Interest Groups and Potential for Vertical Alliances

Groups to defend economic pursuits did exist, but they did not have the strength, depth, numbers, and quality of negotiation to figure in a power-diffusion process. Corporations, guilds, and towns dot Middle Eastern history, [20] but they were more pawns of central authority than independent associations, more aborted aspirations than balancers of social interests. The soldiers and the ulama (religious authorities) were corporate groups but were not available to merchants as foci for vertical alliances and leverage. Rather, in all of Ottoman history, the communication chasms among such groups was so great, and their direct reporting to the sultan so controlled, that all such negotiations were virtually impossible.

Organizations called futuwwa have unclear histories. They "consisted of fairly large solidarity groups, mainly, but not exclusively, recruited from the poorer classes and the young, and of males only. They readily adopted an attitude of hostility to the rich and powerful, at times when authority was poorly enforced, in violent disorders." [21] I have found no evidence, however, that the futuwwa negotiated with the groups they opposed in the Japanese-northwestern-European sense. Probably the power and communication gaps between them was so great as to rule this out, leaving violence as their only perceived outlet.

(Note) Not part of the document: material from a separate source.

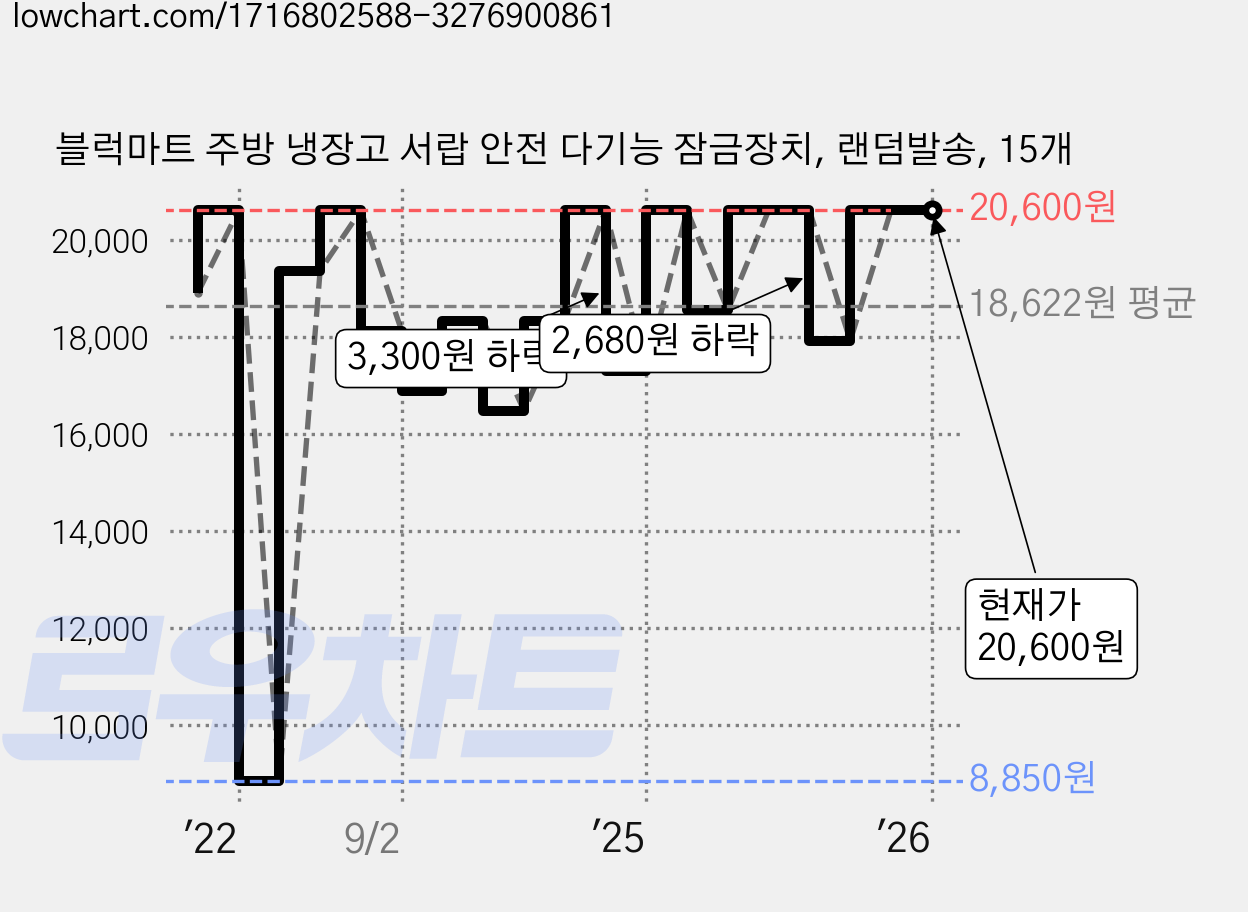 블럭마트 주방 냉장고 서랍 안전 다기능 잠금장치, 랜덤발송, 15개 가격 변동 차트, 현재가 20,600원, 관측 최저가 8,850원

Occasionally one finds an apparent leverage that fails upon scrutiny. In their attempt to counterbalance the power of large landowners, tenth-century Byzantine emperors restored the preemptive rights of small owners over the abandoned land of their neighbors. [22] In the nineteenth century, the Ottomans promoted private ownership of land by Egyptian felaheens to counterbalance the power of nomads whom they considered a threat. [23] In both these cases the mirage of an alliance gives way to a view of emperors or sultans deciding in their own interests how to "support" weaker groups without the latter articulating their aspirations through their own organizations.

Instances of playing off one power against another, however, are commonplace. For example, Selim and Bayazid, sons of Suleiman the Magnificent, fought each other for the succession in 1558-59, each one bribing warrior gangs to fight for him. [24] Although the gangs were "groups" and the action might have constituted leverage, the event did nothing to enhance the power of weaker classes.

In contrast to their relative independence in Europe and Japan, business corporations and guilds were controlled by central authorities in both the Byzantine and Ottoman empires and to a lesser extent in Iran. In European guilds prices were fixed mostly by the merchants for their own profit, in Byzantium and the East mostly by the state because it would benefit from a controlled, taxable economy. The consumer may have gained more from government patronage in the East, but in the long haul the state was a fickle protector. By contrast, disparity of interests among producers in the West provided greater likelihood of subsequent pluralism and leverage.

Historical citations illustrating the central control over guilds and other corporate forms are listed in Appendix 19.2.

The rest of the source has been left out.